WASHINGTON — Haiti’s leaders face a high-stakes balancing act as Kenyan forces arrive in the violence-wracked country, where security is desperately needed and the new, unelected government must also win over ordinary Haitians.
The Haitian transitional government and its international backers say the Kenyan policing mission is essential for wresting control from gangs that have seized much of the capital.
At the same time, interim Prime Minister Garry Conille must handle the memories of previous deadly foreign interventions that hang over the nation.
READ: After long wait, Kenyan police begin security mission in Haiti
“After (the Kenyans) leave, the same things will happen again,” one Port-au-Prince resident, who declined to share his name, told AFP.
“The real solution won’t come from foreigners. It’s not up to them,” he added, calling on the country’s fractious politicians to “unite to move forward.”
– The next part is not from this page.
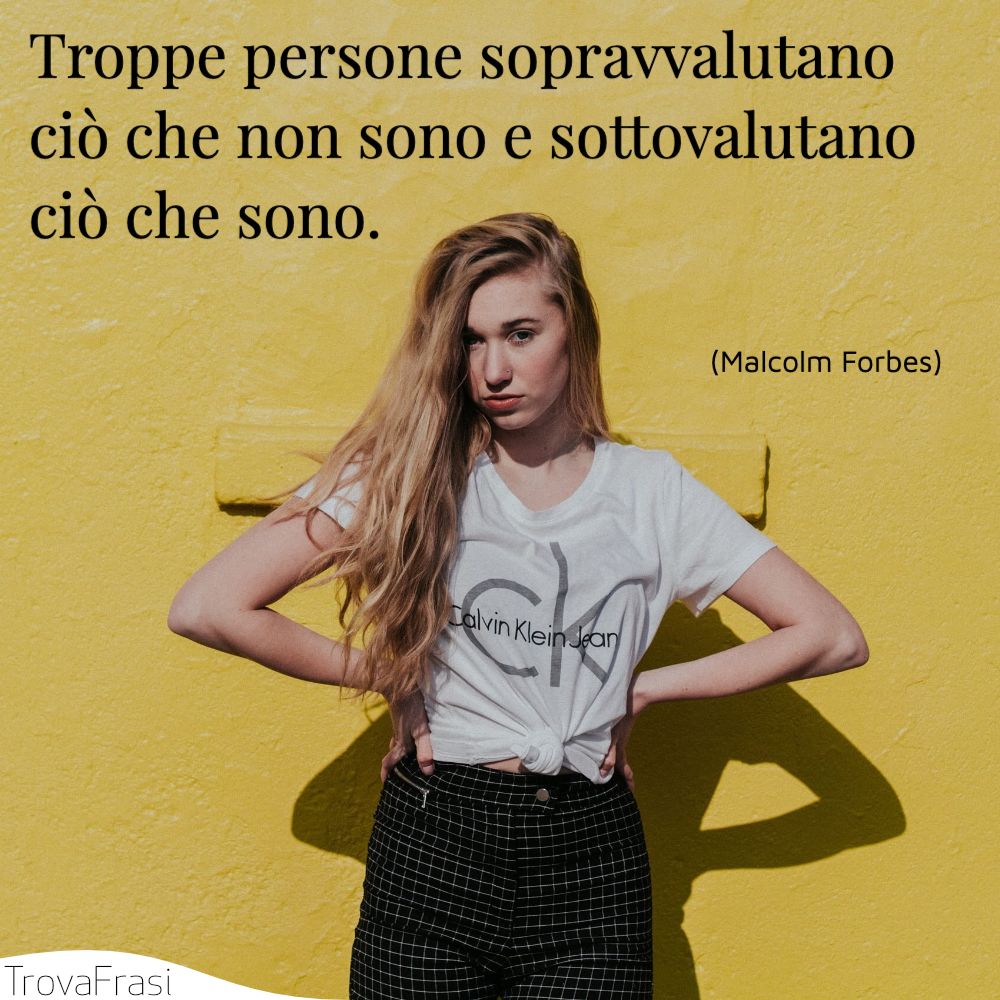 Troppe persone sopravvalutano ciò che non sono e sottovalutano ciò che sono.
Haiti has long been rocked by gang violence but conditions sharply worsened at the end of February, when armed groups launched coordinated attacks in Port-au-Prince, saying they wanted to overthrow then-prime minister Ariel Henry.
Henry has since handed over power to a transitional council, which named Conille — currently in Washington to meet with US officials — as the country’s prime minister.
READ: Haiti violence displacing one child every minute – UNICEF
His transitional government’s job is monumental: to relieve the political, security and humanitarian crises devastating the poorest country in the Western Hemisphere and to pave the way for the first elections since 2016.
“No official in Haiti has been elected, therefore we are in very uncharted territory,” said Francois Pierre-Louis, a political science professor at New York’s Queens College.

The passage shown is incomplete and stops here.